History

United Kingdom
- Name: Isabella
- Operator: 1825: Gilmour & Richardson; 1829: Hudson's Bay Company;
- Launched: 1825 at Shoreham, Sussex, England
- Fate: Wrecked 1830

General characteristics
- Tons burthen: 195 (bm)
- Length: 90 ft (27 m)
- Beam: 26 ft (7.9 m)
- Sail plan: Snow
- Complement: 15
- Notes: Single deck

= Isabella (1825 ship) =

Isabella was launched in 1825, at Shoreham. Initially, she traded with Gibraltar and Honduras. The Hudson's Bay Company (HBC) purchased her in 1829, and she was wrecked in 1830, on the Columbia River bar off Clatsop County, Oregon.

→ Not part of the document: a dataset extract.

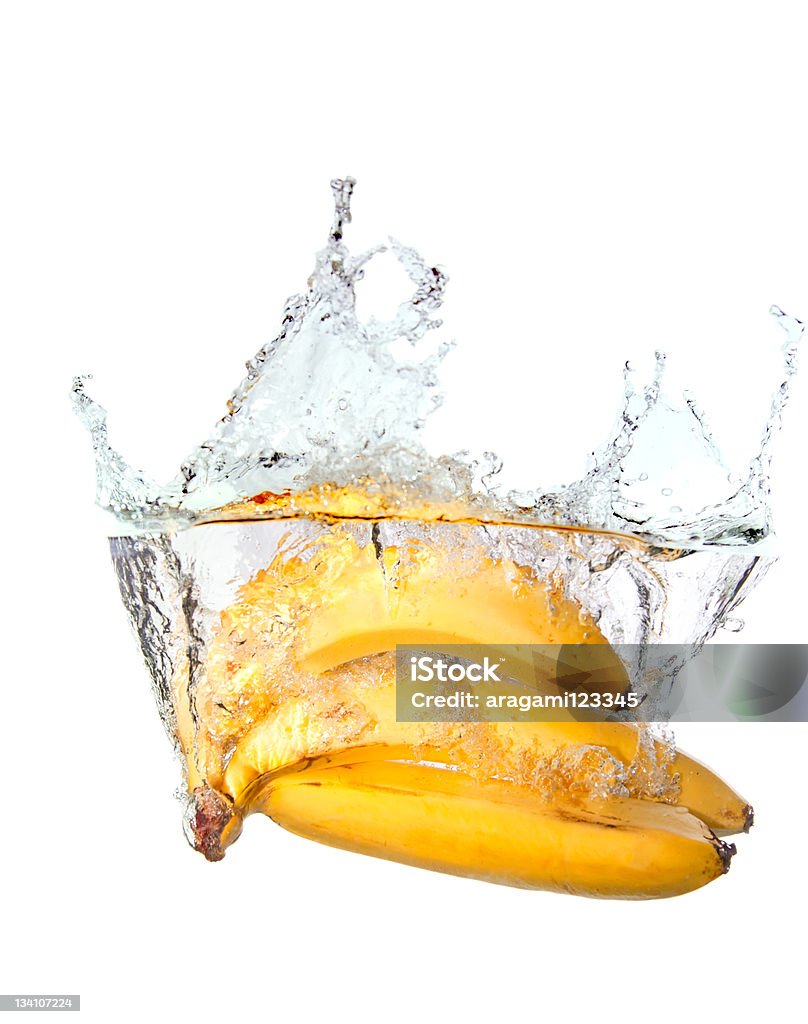 Pęk bananów w water splash na białym tle - Zbiór zdjęć royalty-free (Banan)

The site of her remains are on the National Register of Historic Places in Clatsop County, Oregon as #89001385 placed on September 21, 1989. The remains are owned by the State of Oregon, Division of State Lands after being found in 1986. She is a wooden ship with copper sheathing.

==Career==
Isabella first appeared in Lloyd's Register (LR) in 1827.

She was already trading by then. Lloyd's List reported in that Isabella, Cowle, master, had arrived at Omoa from Gibraltar. She was back at Gibraltar from Honduras on 14 July.

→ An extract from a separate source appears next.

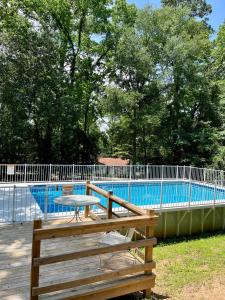 a picnic table in front of a swimming pool at Hideaway - 3 BR Home with PRIVATE POOL on wooded lot in Montgomery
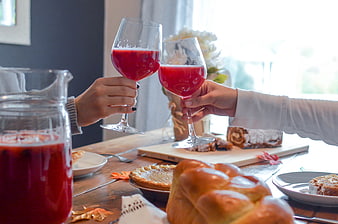 Two people toasting with red wine at a festive autumn table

| Year | Master | Owner | Trade | Source |
|---|---|---|---|---|
| 1827 | Cowl | Gilore & Co. | London–Gibraltar | LR |
| 1828 | R.Cowell | Gilmore & Co. | London–Gibraltar | LR |
| 1829 | R.Cowell W.Ryan | Gilmore & Co. | London–Gibraltar | LR |
| 1930 | W.Ryan | Hudson's Bay Company | London-Colombia | LR |

On 10 October 1829, the Hudson's Bay Company purchased Isabella for £2,900. The company purchased her to replace , which had wrecked on the Columbia bar in May with the loss of all hands.

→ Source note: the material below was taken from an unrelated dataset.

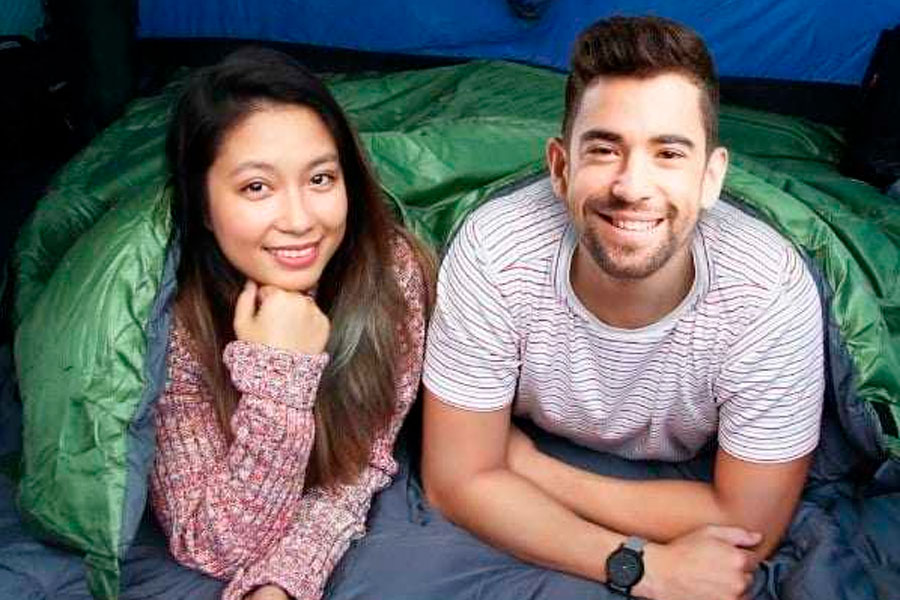 Two people in a tent in a sleeping bag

Isabella sailed from Blackwall on 30 October for the Columbia via the Sandwich Islands. On 3 May 1830, she wrecked on the Columbia bar. There was no loss of life; the crew arrived at Fort Vancouver. As it turned out, Isabella was stranded but had not sunk. The HBC factor at Fort Vancouver sent Ryan and his men to salvage what of her cargo and stores they could. They finally abandoned her on 24 May 1830. They reached Fort Vancouver again on 4 June. The news was published in England in April 1831.

==Post script==
In 1986, researchers thought fisherman Daryl Hughes of Chinook had discovered the wreck of Isabella. It was later determined that the remains were those of the 1879 wreck , not Isabella.